25/03/2013 01:00 par Antonio

Mr. Toussaint m’a fait peur avec un tel titre. Heureusement il me rassure au dernier paragraphe, prudence avec le FMI, son objectif est la privatisation.

C’est-à -dire le placement des capitaux des "investisseurs", l’achat de patrimoine de tout type, public, privé. Exemple, l’appropriation de l’immobilier et du secteur touristique méditerranéen, privatisation du secteur public en général, déjà lancé en France avec une ligne TGV sur Venise et aux Pays-Bas avec la ligne Fyra. Le réseau secondaire est parait-il aussi "sur les rails" de la privatisation.

Une précision toutefois, je ne suis pas sûr qu’il y ait convergence totale entre le FMI et les dirigeants européens. Pour bien comprendre ce qui se passe, il est utile de lire les événements à partir du prisme des antagonismes capitalistiques (dont Lénine était un spécialiste). Les financiers de la zone dollar sont en train de dévorer la zone euro, avec l’aide des Britanniques qui grignotent la périphérie européenne (Méditerranée, Scandinavie) tout en coupant les liens avec la Turquie et l’Europe de l’Est, la coopération industrielle franco-allemande a aussi été démantelée.

Deux formes de capitalisme s’affrontent. Le dollar cherche à faire éclater l’euro ou au moins à le dévaluer pour se débarrasser d’un concurrent.
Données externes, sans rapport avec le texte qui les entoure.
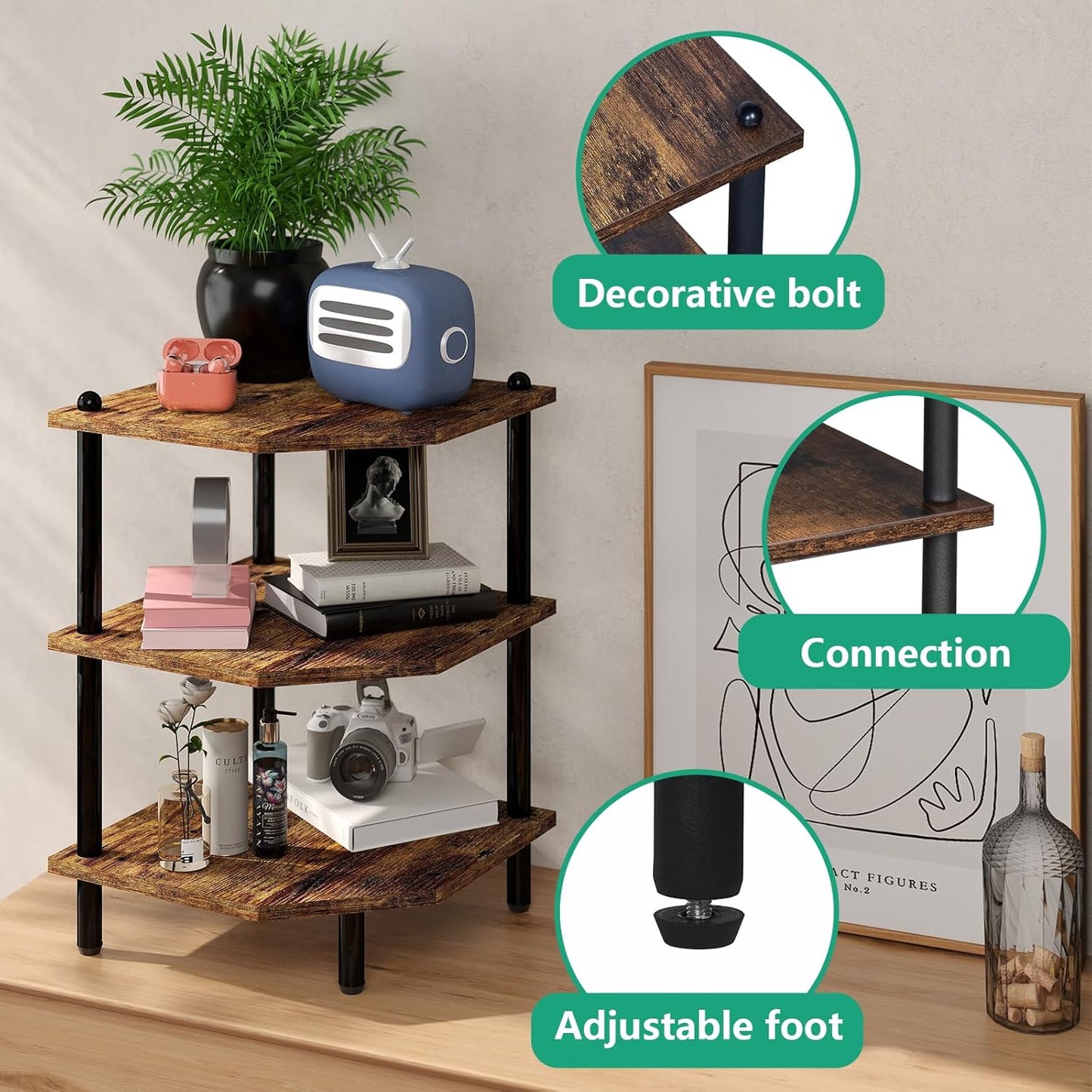 Desktop Corner Stand Shelf for Storage, 3 Tier Corner Shelf Organizer, Rustic Brown Rack for Small Spaces, Bedroom, Home Office, Kitchen, Bathroom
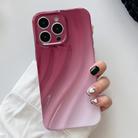 For iPhone 15 Pro Max Wave Texture Gradient Color TPU Phone Case(Wine Red-White) - 1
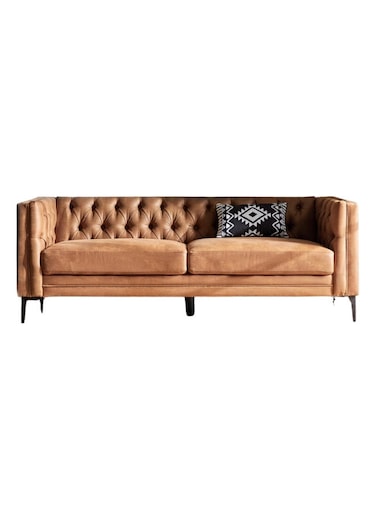 Upholstered Button-tufted Sofa with Metal Legs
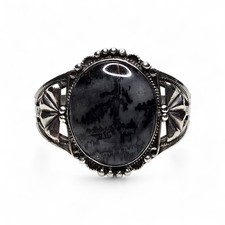 VINTAGE NAVAJO FRED HARVEY ERA OLD PAWN STERLING PETRIFIED WOOD CUFF BRACELET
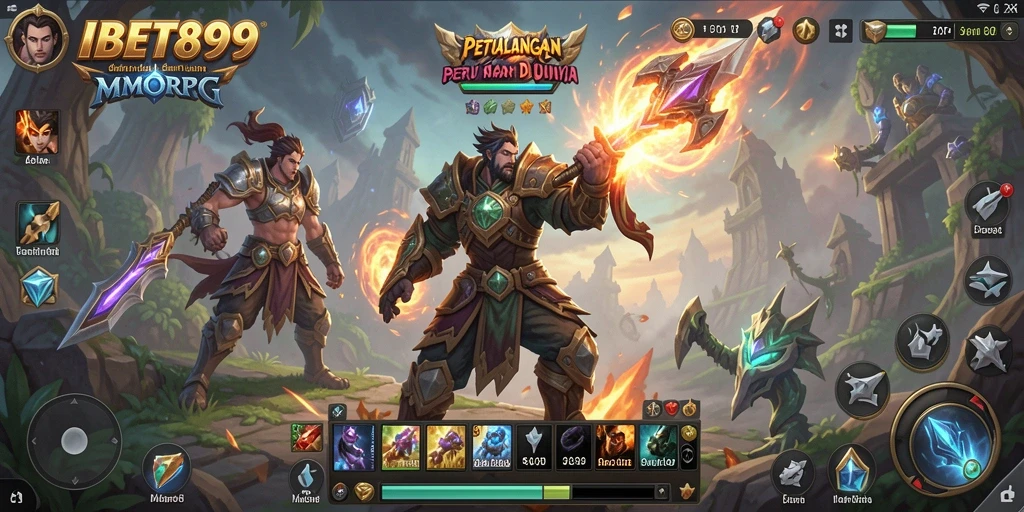 Menampilkan aksi seru dalam gameplay IBET899 MMORPG.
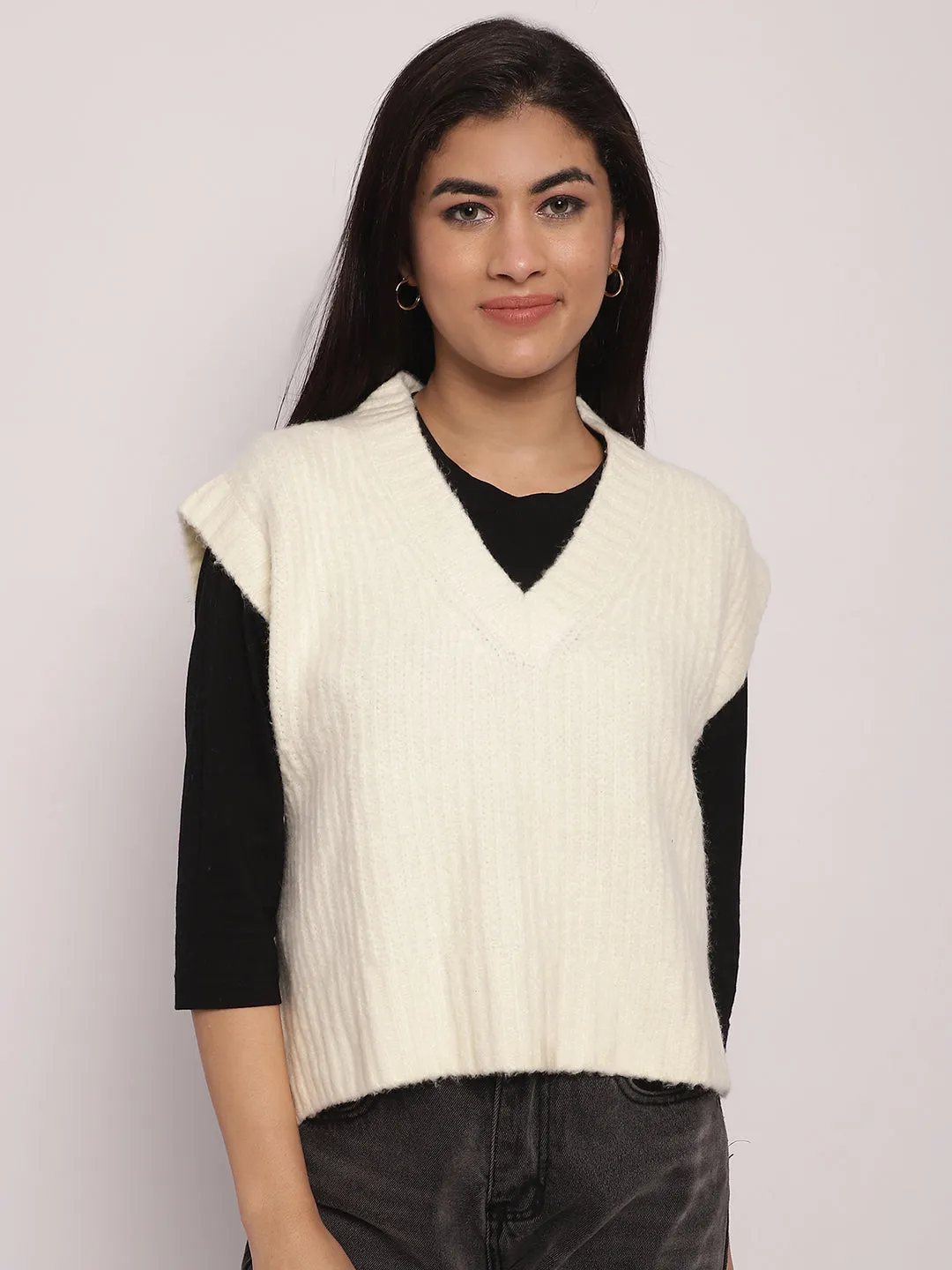 Women Cream Sweater Vest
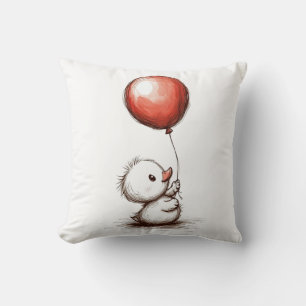 Adorable Fluffy Duckling with Red Balloon Cushion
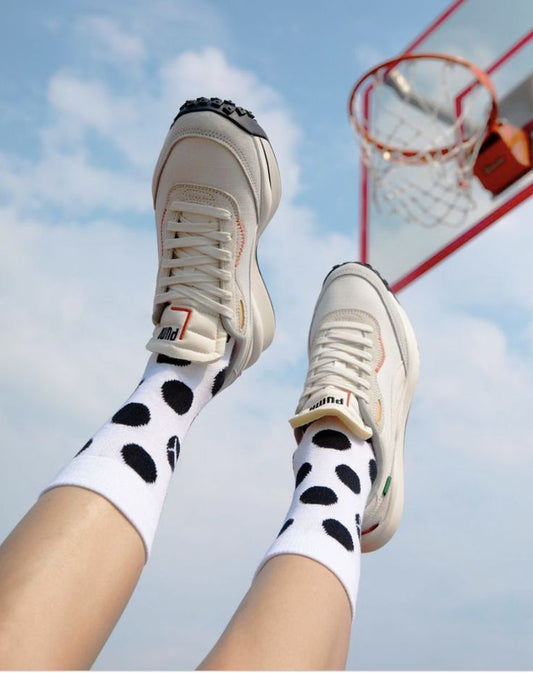 Polka Dot White Crew Socks | Classic Black Dot Design | Unisex Casual Sports Socks | Soft Breathable Cotton Blend | Stylish & Comfortable for Everyday Wear | Pack of 1 Pair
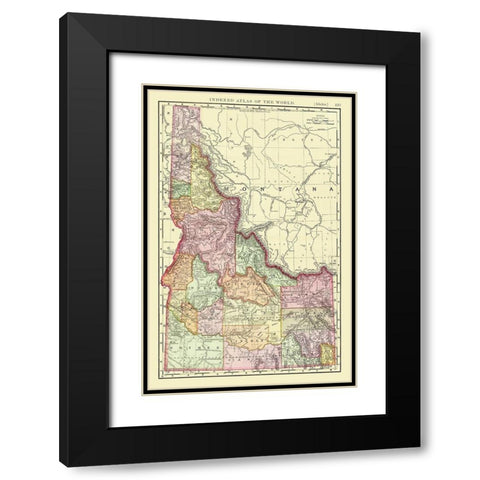 Idaho from Indexed World Atlas - Rand McNally 1897 Black Modern Wood Framed Art Print with Double Matting by Rand McNally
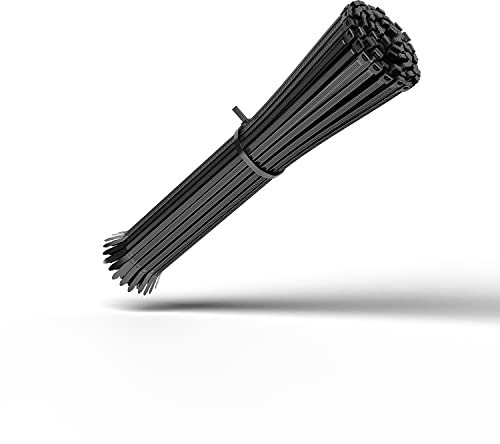 HeiKab 100 Kabelbinder 300 x 4,8 mm - UV-Beständig - Mindestzugfestigkeit 220 N / 22,4 kg - Schwarz -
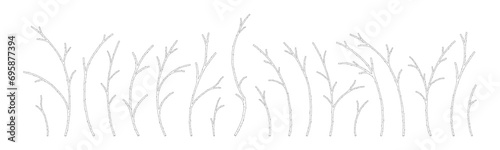 Set of apricot tree branches without flowers. Hand drawn fruit twigs in modern line art style, vector illustration. Sketch of spring branches in line art style. Black elements outline with white fill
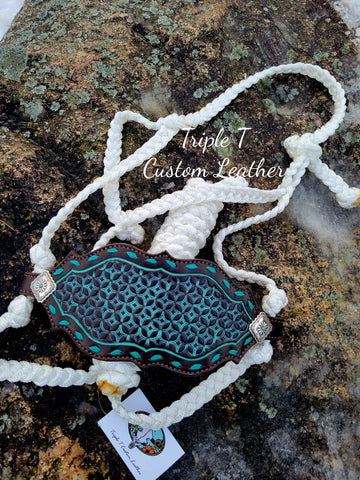 Handtooled Turquoise Patina Noseband with Buckstitch on White Muletape Halter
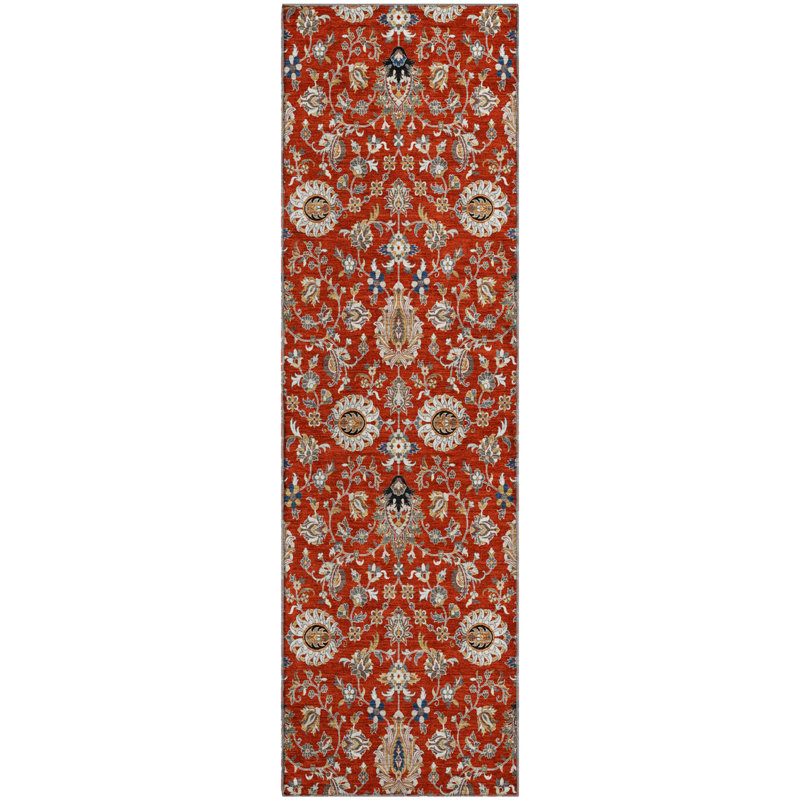 Tapis de qualité supérieure lavable à la machine Mayfield AMF2192 global, Rouge, 2'3" x 7'6" Runner
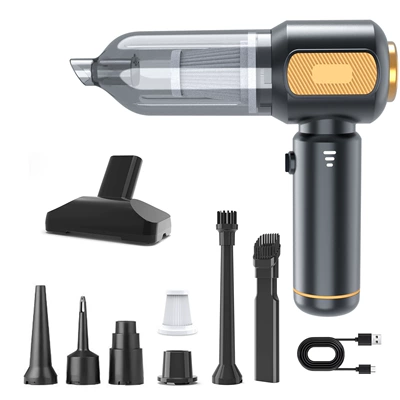 Car vacuum cleaner for cross-border use, new model with high suction power, suitable for both car and home, brushless and cordless (Tozsoranlar) - black-and-gold-brushless-motor-with-3-speed-adjustmenttype-c-fast-charging19000pa3-sections2000mah-3-in-1-vacuum-cleaner-for-blowing-suction-and-extraction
A Wall Street, il y a trois ans, on disait "ils ont encore du pouvoir d’achat, c’est embêtant". Aujourd’hui, Wall Street se sent soulagée que les entreprises européennes aient perdu leur capacité de croissance externe, et obligées de se retrancher (inward) ou de céder leurs actifs. Exemple, Goldman Sachs (Mittal) qui vise les installations de Thyssen au Brésil. Trois télécoms US s’apprêtent à acquérir certaines des 60 télécoms européennes beaucoup plus petites, pour lesquelles Bloomberg et Reuters recommandent toutefois la prudence avant de faire son "shopping" en particulier à cause des réglementations locales (faut-il attendre le projet de fusion atlantique 2015 avec standardisation et ouverture des marchés publics ?).

Le modèle socio-démocrate européen cède chaque jour du terrain face au capitalisme anglo-saxon (modèle ultralibéral), suivant un processus de transfert de richesses qui peut être évalué en calculant le montant des intérêts et dividendes que la zone euro paie au titre des "investissements" effectués par les investisseurs de la zone dollar dans l’économie et la dette publique en Europe, depuis que cette offensive a été lancée, il y a environ 10 ans.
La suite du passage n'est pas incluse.